In his summing up, the judge Lord Goff stated: ‘It is well established that, as a general rule, the performance of a medical operation upon a person without his or her consent is unlawful, as constituting both the crime of battery and the tort of trespass to the person.’ However, Lord Goff also discussed the question of when it was acceptable to justify medical treatment where there was no valid consent, stating that ‘in limited circumstances, recognition may be given to a need, in the interests of the patient, that treatment should be given to him in circumstances where he is (temporarily or permanently) disabled from consenting to it’. In other words, there are occasions when, due to the mental incapacity of the patient, healthcare professionals may decide that it is in the patient’s best interests to undertake a procedure or intervention to maintain their health and well-being.

The concept of best interests has been firmly established in statute law under section 4 of the Mental Capacity Act 2005. However, acting in a patient’s best interests involves several important safeguards for the patient that nurses must be mindful of:

  • The previous wishes and beliefs of the patient have to be considered.

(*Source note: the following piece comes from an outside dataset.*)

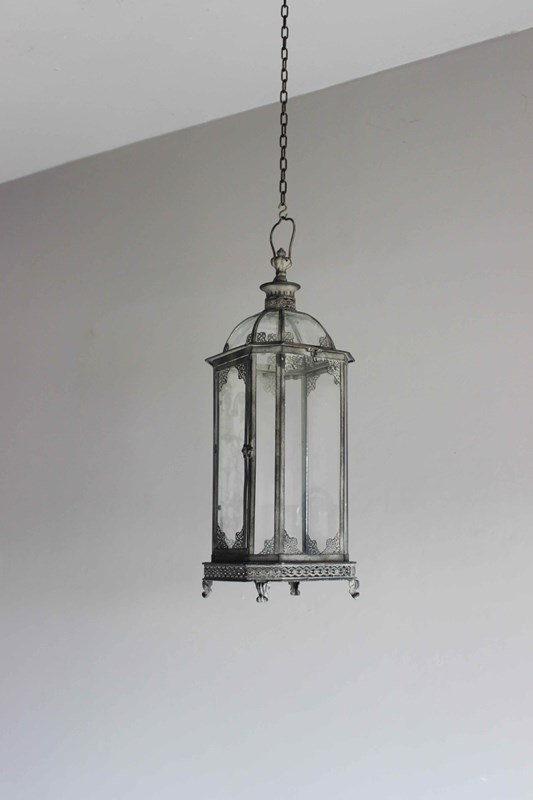  Elegant Domed Colonial Vintage Lobby Lantern-norfolk-decorative-antiques-img-4264-main-638197561358503244.jpeg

For example, if a patient had expressed particular religious beliefs before they lost capacity, those beliefs should not be ignored.

  • The patient’s family and/or carers have the right to be consulted by healthcare staff so that any previous wishes and/or beliefs held by the patient can be discussed.

  • The treatment intervention selected must be the least restrictive option. However, what constitutes the least restrictive option can be open to interpretation, so it is essential to consult with the patient’s family and/or carers, as well as other members of the multidisciplinary team. For example, in the case of a patient who was confused and repeatedly attempting to get up from their chair to wander, the nurse might place another chair in front of the patient as an obstacle. However, a less restrictive option would be to ask the patient if they want to go to the toilet or for a short walk.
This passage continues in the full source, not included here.